Almost 3 weeks now since I arrived on the island of Skomvaer in the Lofoten. What an adventure and pleasure to be here. Especially the stones and rocks, the ocean and the many islands that rise up from it like steep mountains in all shapes and forms, make a deep impression on me. It is very pristine, rough, vulnerable and real. The rocks on Skomvaer are bursting with silica and quartz. Every corner of the island has its own character, shapes, forms and colors. And I am all over the place, jumping, hopping from rock to rock, crawling in, under and over.
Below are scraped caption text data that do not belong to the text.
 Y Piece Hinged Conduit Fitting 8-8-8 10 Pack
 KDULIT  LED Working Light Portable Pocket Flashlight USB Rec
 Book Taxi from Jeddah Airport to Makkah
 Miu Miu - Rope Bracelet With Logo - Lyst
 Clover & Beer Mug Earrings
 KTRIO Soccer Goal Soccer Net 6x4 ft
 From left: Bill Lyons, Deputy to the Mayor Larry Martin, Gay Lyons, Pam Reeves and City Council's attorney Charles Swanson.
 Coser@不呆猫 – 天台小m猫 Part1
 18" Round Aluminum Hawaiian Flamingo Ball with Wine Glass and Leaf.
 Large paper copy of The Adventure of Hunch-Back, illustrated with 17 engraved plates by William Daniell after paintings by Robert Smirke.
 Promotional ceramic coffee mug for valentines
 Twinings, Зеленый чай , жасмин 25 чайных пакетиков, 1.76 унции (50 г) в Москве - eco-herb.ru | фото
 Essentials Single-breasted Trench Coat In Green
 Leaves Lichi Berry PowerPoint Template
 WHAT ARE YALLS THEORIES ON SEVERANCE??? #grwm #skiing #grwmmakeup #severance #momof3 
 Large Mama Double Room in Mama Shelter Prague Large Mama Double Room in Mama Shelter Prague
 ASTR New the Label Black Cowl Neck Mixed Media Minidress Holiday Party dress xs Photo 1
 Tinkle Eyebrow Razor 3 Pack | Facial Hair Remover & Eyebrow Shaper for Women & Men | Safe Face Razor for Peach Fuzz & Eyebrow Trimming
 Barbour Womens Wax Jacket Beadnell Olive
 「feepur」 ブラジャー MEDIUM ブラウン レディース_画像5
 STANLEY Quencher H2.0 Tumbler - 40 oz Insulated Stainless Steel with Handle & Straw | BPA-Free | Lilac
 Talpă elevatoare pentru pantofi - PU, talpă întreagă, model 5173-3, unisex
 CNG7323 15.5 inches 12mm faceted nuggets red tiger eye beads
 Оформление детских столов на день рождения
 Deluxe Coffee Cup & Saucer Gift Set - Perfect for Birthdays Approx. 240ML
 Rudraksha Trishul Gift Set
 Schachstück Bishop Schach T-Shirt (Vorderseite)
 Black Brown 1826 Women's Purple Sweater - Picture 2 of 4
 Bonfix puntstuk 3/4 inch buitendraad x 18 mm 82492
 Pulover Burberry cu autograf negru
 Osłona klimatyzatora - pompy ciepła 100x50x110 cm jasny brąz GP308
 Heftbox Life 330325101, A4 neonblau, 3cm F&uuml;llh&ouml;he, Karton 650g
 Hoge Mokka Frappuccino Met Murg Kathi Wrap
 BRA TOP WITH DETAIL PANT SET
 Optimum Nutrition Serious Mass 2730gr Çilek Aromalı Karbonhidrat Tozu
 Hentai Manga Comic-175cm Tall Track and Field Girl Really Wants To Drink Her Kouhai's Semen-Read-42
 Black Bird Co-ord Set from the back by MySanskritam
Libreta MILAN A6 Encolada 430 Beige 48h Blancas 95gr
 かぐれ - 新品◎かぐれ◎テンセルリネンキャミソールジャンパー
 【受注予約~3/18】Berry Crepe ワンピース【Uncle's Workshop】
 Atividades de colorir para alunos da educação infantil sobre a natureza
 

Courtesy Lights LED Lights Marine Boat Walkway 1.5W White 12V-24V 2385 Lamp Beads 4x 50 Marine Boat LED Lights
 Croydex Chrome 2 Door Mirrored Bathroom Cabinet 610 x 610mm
Sometimes sitting in one place for hours.

 


 
I keep feeling this potent, dormant energy. It feels like that we, the people present on this island, are here to anchor energy, the new energies that are coming in, onto this place and the earth.
 
Maja, a Norwegian artist, shows me this rock she has found. I tune into it, and the word ‘new’ is omnipresent. It activates your whole body, from top to bottom, and bottom to top. This is not about grounding anymore. This is about transparancy, and moving into a new dimension. Beyond time and space, beyond fear.
 

 
There are all kinds of ponds in all sizes and shapes, which are a mikrokosmos in itself. The colors are vibrant. There are cracks in the rocks with enormeous crystals sticking out. And caves with perfectly shaped little pools, sometimes with stones in it. I’ve added one picture of the ‘dragon egg’, incredible rocks, shapes and colors.
 

 
Then there is the lighthouse with huge clear Birmese crystals in the top. Like a pineal gland receiving and shining its light miles and miles around. There is an abundance of seaweed and herbs and flowers which we creatively transform into delicious dishes. The midnight sun makes you sometimes forget you do need to rest sometimes.
 

 

 

 

Photo above: Midnight view from the lighthouse

Yesterday we went to ‘Hell’, that is what they call it here. A cave in a mountain on an island nearby, it has been intriguing me since my arrival. It was rough and tough and magnificent. Apparently people have been using this cave for offerings and rituals for thousands of years.
The longer I’m here, the more I become aware of what an impact we people have on our pristine earth.